Taking the line that contains "Guess Sleeve GUCS16HGCFSEK" as the start and the last line of the data as the end, repeat exactly every line in that span, but no pictures.

======== Given information

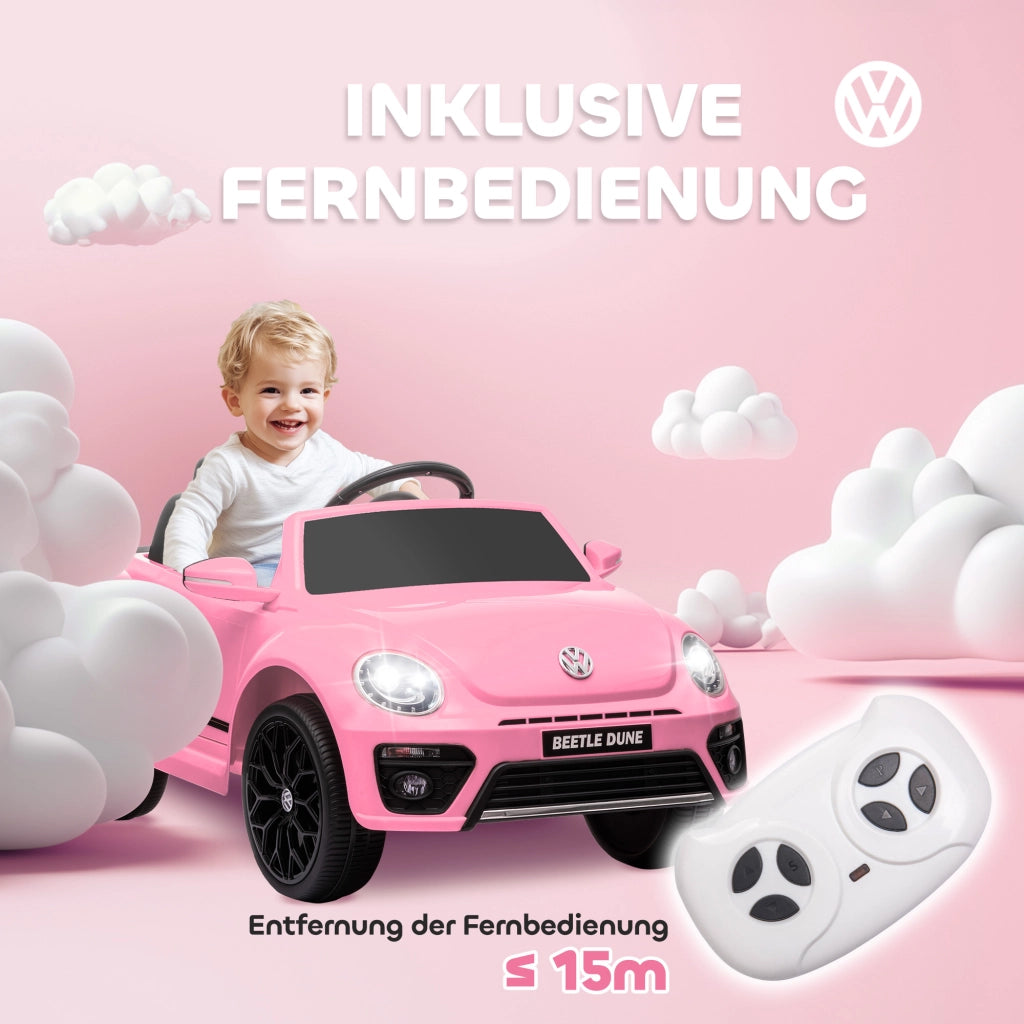 Auto Bambini Elettrica ¨C zephmum ¨C Rosa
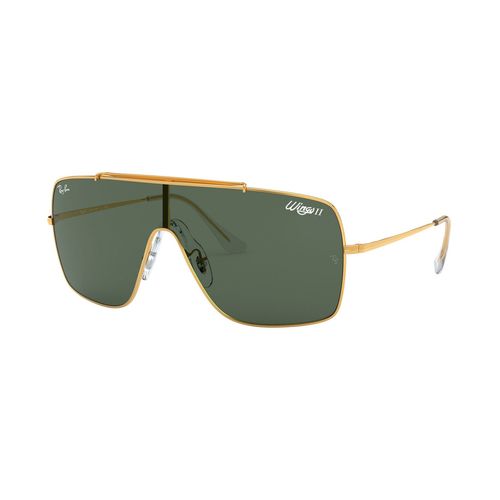 Lentes De Sol Para Caballero Ray Ban Square Arista RB3697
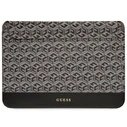 Guess Sleeve GUCS16HGCFSEK 16 inch black GCube Stripes
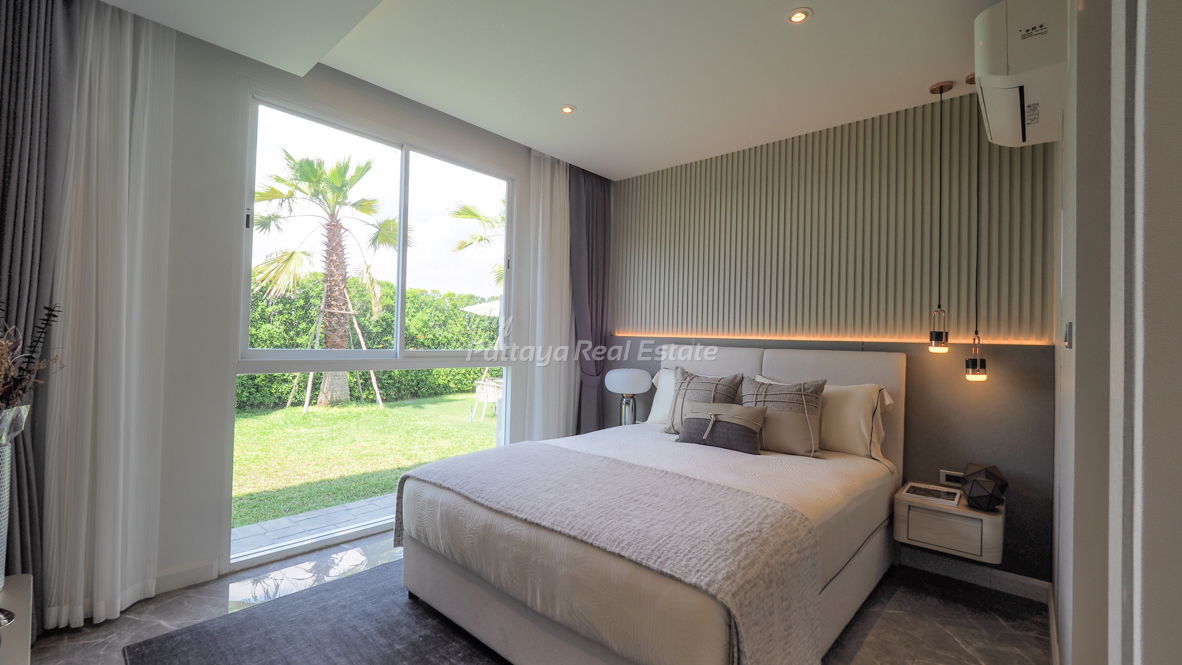 picture 🛏️ 2 Bed - 🛁 2 Bath - 🏙️ Garden Views - 🌏 FOREIGN name - 🏢 The Coral Pattaya - Ref: CORAL03 - 7/15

================

■ **Output below**:
 Guess Sleeve GUCS16HGCFSEK 16 inch black GCube Stripes
 picture 🛏️ 2 Bed - 🛁 2 Bath - 🏙️ Garden Views - 🌏 FOREIGN name - 🏢 The Coral Pattaya - Ref: CORAL03 - 7/15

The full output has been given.